Because we’re all so pathologically complex that we spend most our lives trying to figure out who we really are and trying on various personalities the way we try on different clothes. Allow me an example:
I once saw a wonderful interview with Catherine de Hueck Doherty, a Russian Baroness and the founder of the Madonna House Apostolate. She was already more than 80 years old and, reflecting on the struggles of her spiritual journey, said something to this effect:
“It’s like there are three persons inside me. There’s someone I call the Baroness. The Baroness is spiritual and given over to asceticism and prayer. This is the religious person. She’s the one who founded the religious community, wrote the spiritual books, and who tries to give her life to the poor. It’s the Baroness who’s impatient with the things of this world and who tries to keep her eyes focused on things beyond this life.
But inside of me too there’s another person whom I call Catherine. Catherine is, first of all and always, a woman who enjoys fine things, luxuries, sensual delight. She likes idleness, long baths, fine clothes, putting on make-up, good meals, good wine, and used to, as a married woman, enjoy a healthy sex life. Catherine enjoys this life and doesn’t want renunciation or poverty. She’s not religious like the Baroness. Indeed, she hates the Baroness and has a strained relationship with her.
And, finally, inside of me too there’s someone else, a little girl, a child lying on a hill-side in Finland, watching the clouds and daydreaming. The little girl is different still from both the Baroness or Catherine.
… And, as I get older, I feel more like the Baroness, long more for Catherine, but think that maybe the little girl daydreaming on a hill-side in Finland might be who I really am.”
These words come from a spiritual giant, someone who attained both wholeness and sanctity after a long search and difficult struggle, not someone who’s still grappling with initial conversion. What her words highlight are two things, how complex we are and how difficult is it to find wholeness.
Like Catherine Doherty, all of us too have a number of different persons inside us. Inside each of us there’s someone who knows the truth of the gospel call, is drawn to the religious, strives towards self- renunciation, and that knows that there are more important things than worldly achievement, comfort, and sex. But, inside each of us too, there’s also a hedonist, a sensualist, a person who wants to drink in fully the wine and the pleasures of this life.
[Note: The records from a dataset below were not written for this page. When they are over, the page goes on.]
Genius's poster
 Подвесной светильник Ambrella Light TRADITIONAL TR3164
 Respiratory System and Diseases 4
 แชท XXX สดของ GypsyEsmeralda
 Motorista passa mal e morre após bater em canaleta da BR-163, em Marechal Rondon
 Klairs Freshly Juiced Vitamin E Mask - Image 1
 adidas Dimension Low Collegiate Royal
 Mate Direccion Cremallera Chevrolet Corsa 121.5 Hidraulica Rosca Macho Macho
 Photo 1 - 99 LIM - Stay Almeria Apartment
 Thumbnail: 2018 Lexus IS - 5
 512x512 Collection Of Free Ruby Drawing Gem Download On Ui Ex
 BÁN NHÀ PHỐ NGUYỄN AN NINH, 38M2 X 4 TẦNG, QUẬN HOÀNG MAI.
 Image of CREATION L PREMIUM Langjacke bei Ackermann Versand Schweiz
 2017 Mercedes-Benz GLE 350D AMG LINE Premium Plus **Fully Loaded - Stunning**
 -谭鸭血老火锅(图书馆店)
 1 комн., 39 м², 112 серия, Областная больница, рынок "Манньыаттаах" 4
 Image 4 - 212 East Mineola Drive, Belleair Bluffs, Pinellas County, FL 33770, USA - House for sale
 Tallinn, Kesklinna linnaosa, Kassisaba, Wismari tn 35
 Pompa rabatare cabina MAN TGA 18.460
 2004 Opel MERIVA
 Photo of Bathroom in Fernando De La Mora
Moveover, inside each of us there’s also a little girl or little boy, daydreaming still on a hill-side somewhere.
Soren Kierkegaard defined a saint as someone who “wills the one thing.” But, with all these different persons inside us, what do we really will? What’s really our deepest desire?
Importantly too, given that grace is meant to build upon nature and not annihilate it, it’s too simple to think that sanctity is merely a question of the “spiritual person” inside us triumphing over the person inside of us who loves this world or over the child in us who is still given over to daydreaming. Wholeness means somehow making a whole, a harmony, out of all these different persons. To ignore, deny, annihilate, invalidate, or bypass one part for another is precisely never to attain wholeness.
Sanctity consists in wholeness and a whole person, like Christ, is someone who is both a drinker of wine and an ascetic, a lover of this life and of the next, a dreamer and a realist, among many other things, all at the same time. What must be rejected in the spiritual quest is not our nature, with its endless paradoxes and seeming contradictory attractions, but any recipe for holiness that would have us believe that sanctity can be obtained easily, without tension, confusion, and great patience.
Sanctity too consists in coming to peace. Peace is not just the absence of war or conflict, but is harmony and wholeness. We come to peace when we make harmony out of discord – with all the pieces accounted for and each given its proper place. To cut off parts of ourselves in the quest for wholeness is tantamount to a pianist sawing- off part of his or her keyboard. It makes things a lot simpler, but it also makes it impossible to play most pieces of music.
To be human is to be pathologically complex. But that points to our richness, not poverty, and suggests that all our different parts are important in the spiritual journey. Nikos Kazantzakis once put it this way, “the spirit wants to wrestle with flesh that is strong and full of resistance … because … the deeper the struggle, the richer the final harmony.”